▶ [Work to be completed] Could the listing below be returned exactly, with its pictures left out?

▶ [Given information]
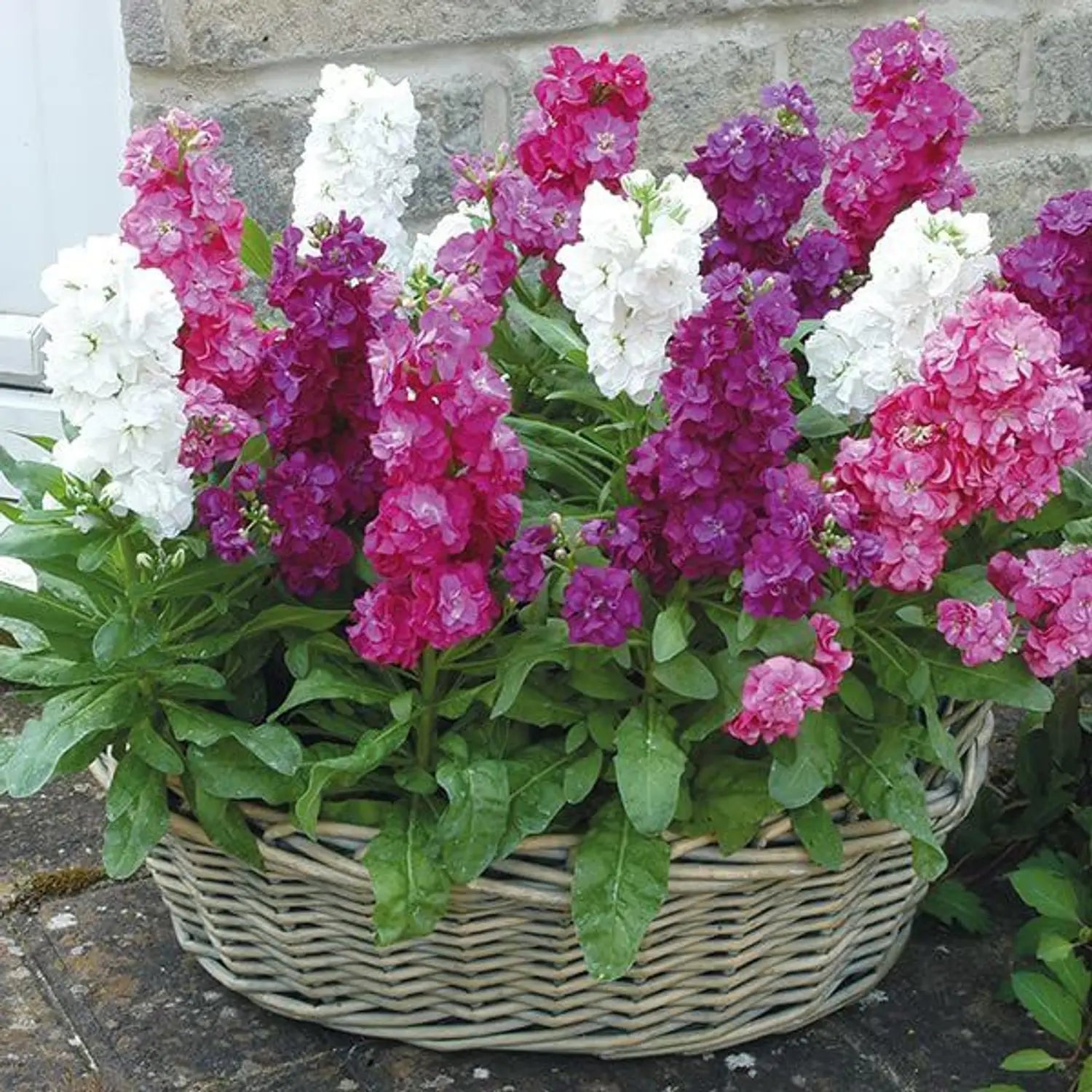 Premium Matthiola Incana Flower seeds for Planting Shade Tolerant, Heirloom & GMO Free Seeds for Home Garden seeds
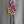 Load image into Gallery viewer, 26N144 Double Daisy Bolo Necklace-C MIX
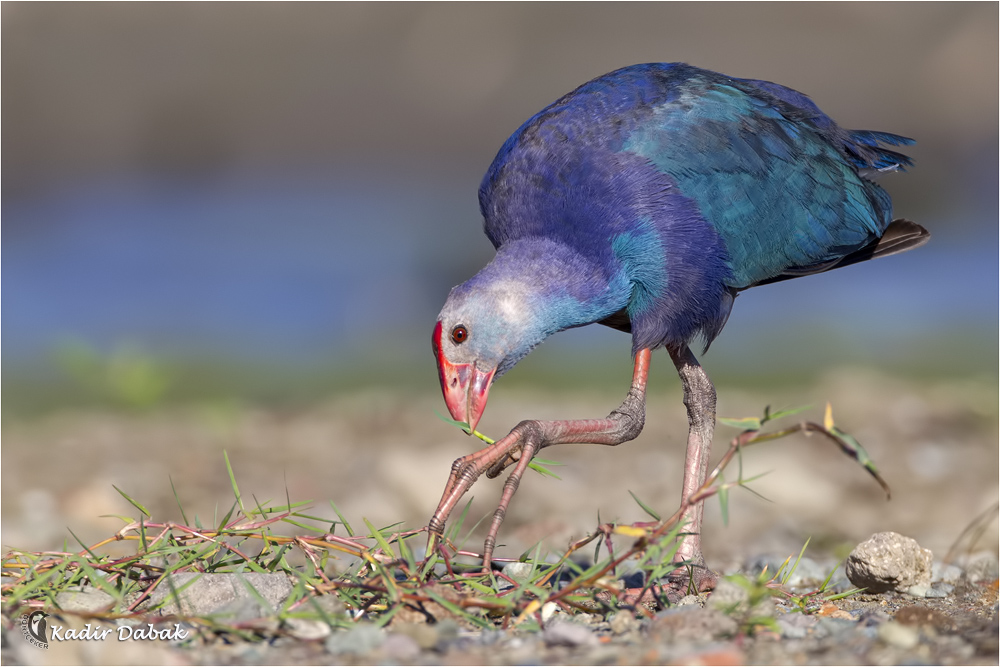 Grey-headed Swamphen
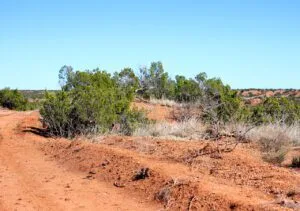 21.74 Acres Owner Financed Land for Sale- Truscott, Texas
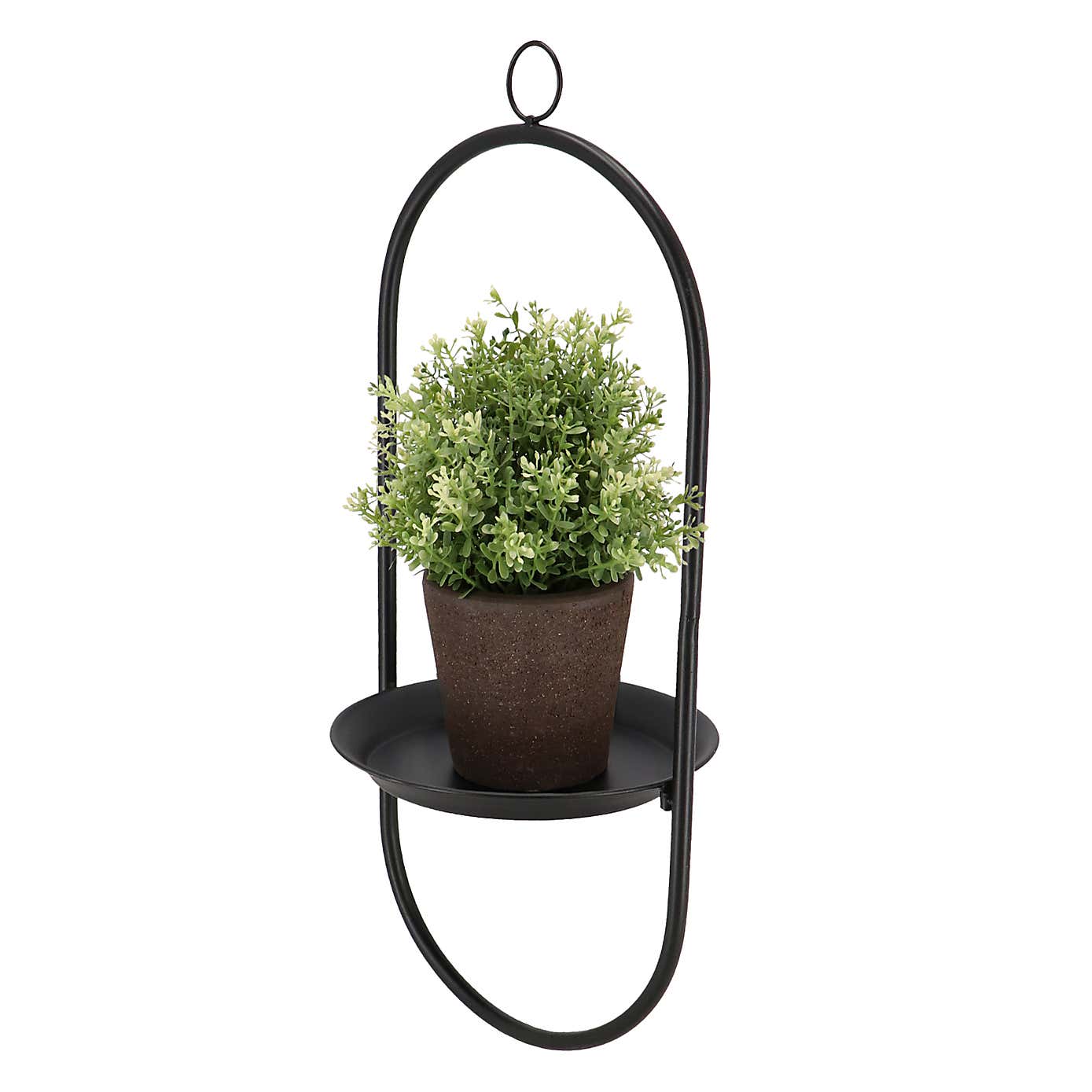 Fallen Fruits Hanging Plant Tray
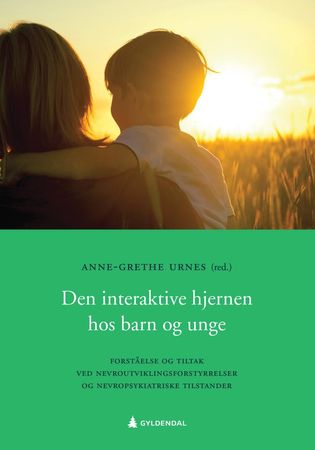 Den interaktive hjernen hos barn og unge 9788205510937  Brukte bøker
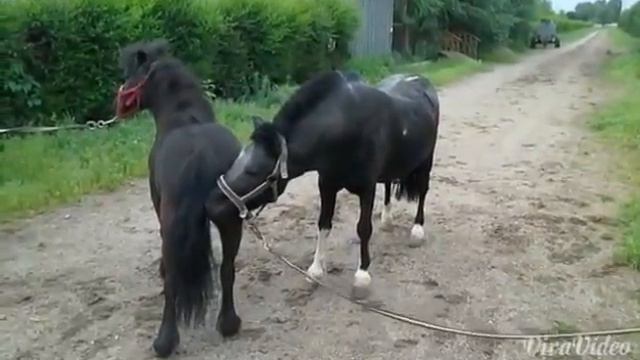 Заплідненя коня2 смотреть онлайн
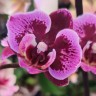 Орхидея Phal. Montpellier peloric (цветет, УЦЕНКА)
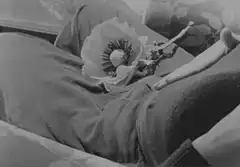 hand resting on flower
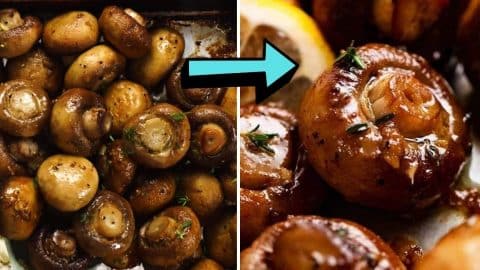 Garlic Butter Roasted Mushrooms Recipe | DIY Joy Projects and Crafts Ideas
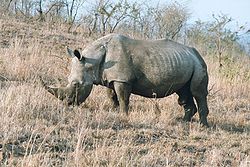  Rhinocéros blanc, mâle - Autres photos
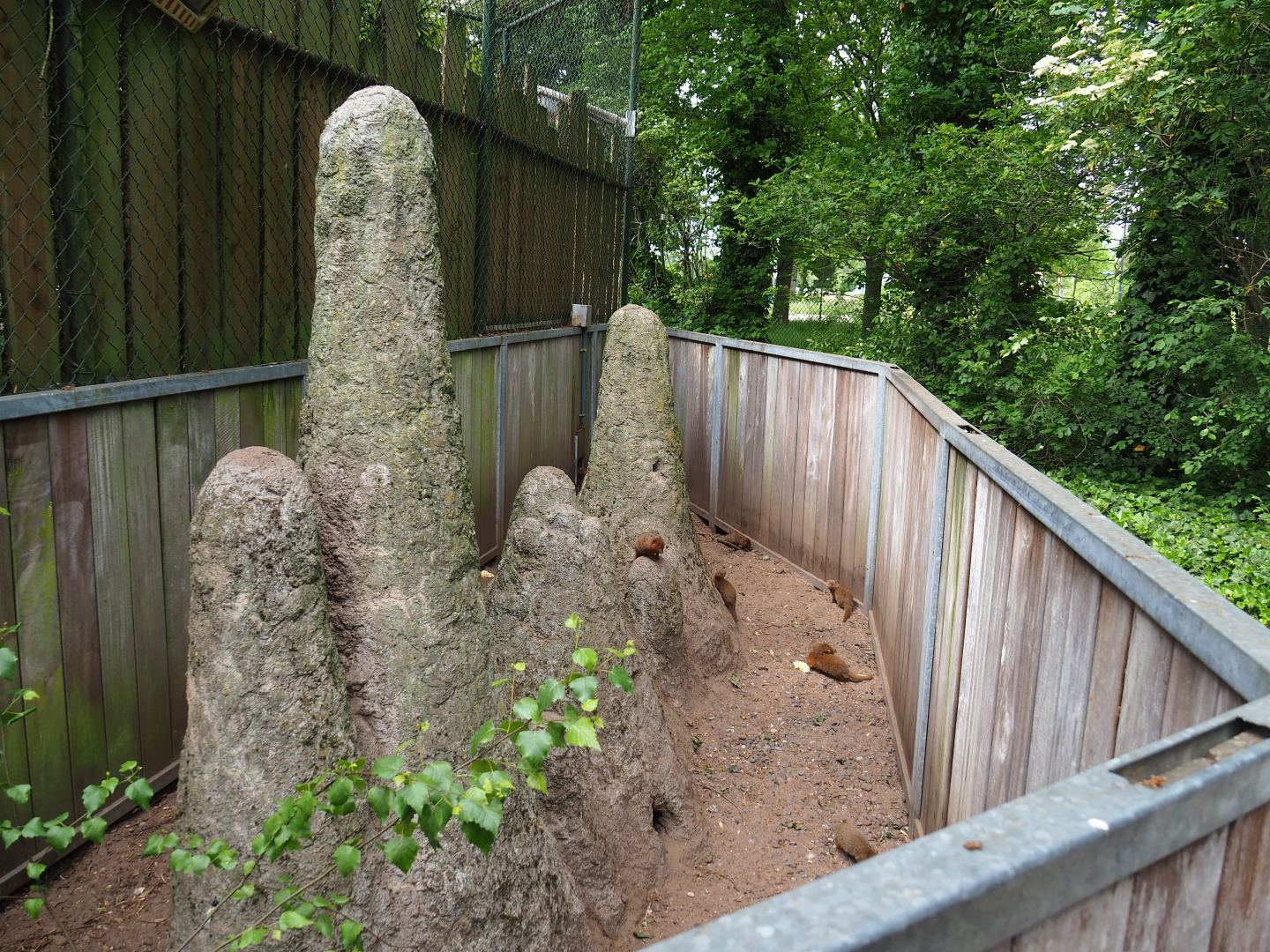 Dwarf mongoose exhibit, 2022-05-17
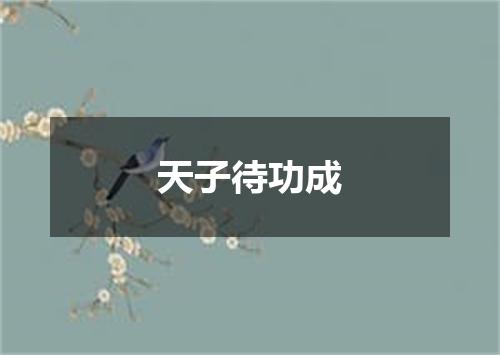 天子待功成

▶ [Output for this exercise]
 Premium Matthiola Incana Flower seeds for Planting Shade Tolerant, Heirloom & GMO Free Seeds for Home Garden seeds
 Load image into Gallery viewer, 26N144 Double Daisy Bolo Necklace-C MIX
 Grey-headed Swamphen
 21.74 Acres Owner Financed Land for Sale- Truscott, Texas
 Fallen Fruits Hanging Plant Tray
 Den interaktive hjernen hos barn og unge 9788205510937  Brukte bøker
 Заплідненя коня2 смотреть онлайн
 Орхидея Phal. Montpellier peloric (цветет, УЦЕНКА)
 hand resting on flower
 Garlic Butter Roasted Mushrooms Recipe | DIY Joy Projects and Crafts Ideas
  Rhinocéros blanc, mâle - Autres photos
 Dwarf mongoose exhibit, 2022-05-17
 天子待功成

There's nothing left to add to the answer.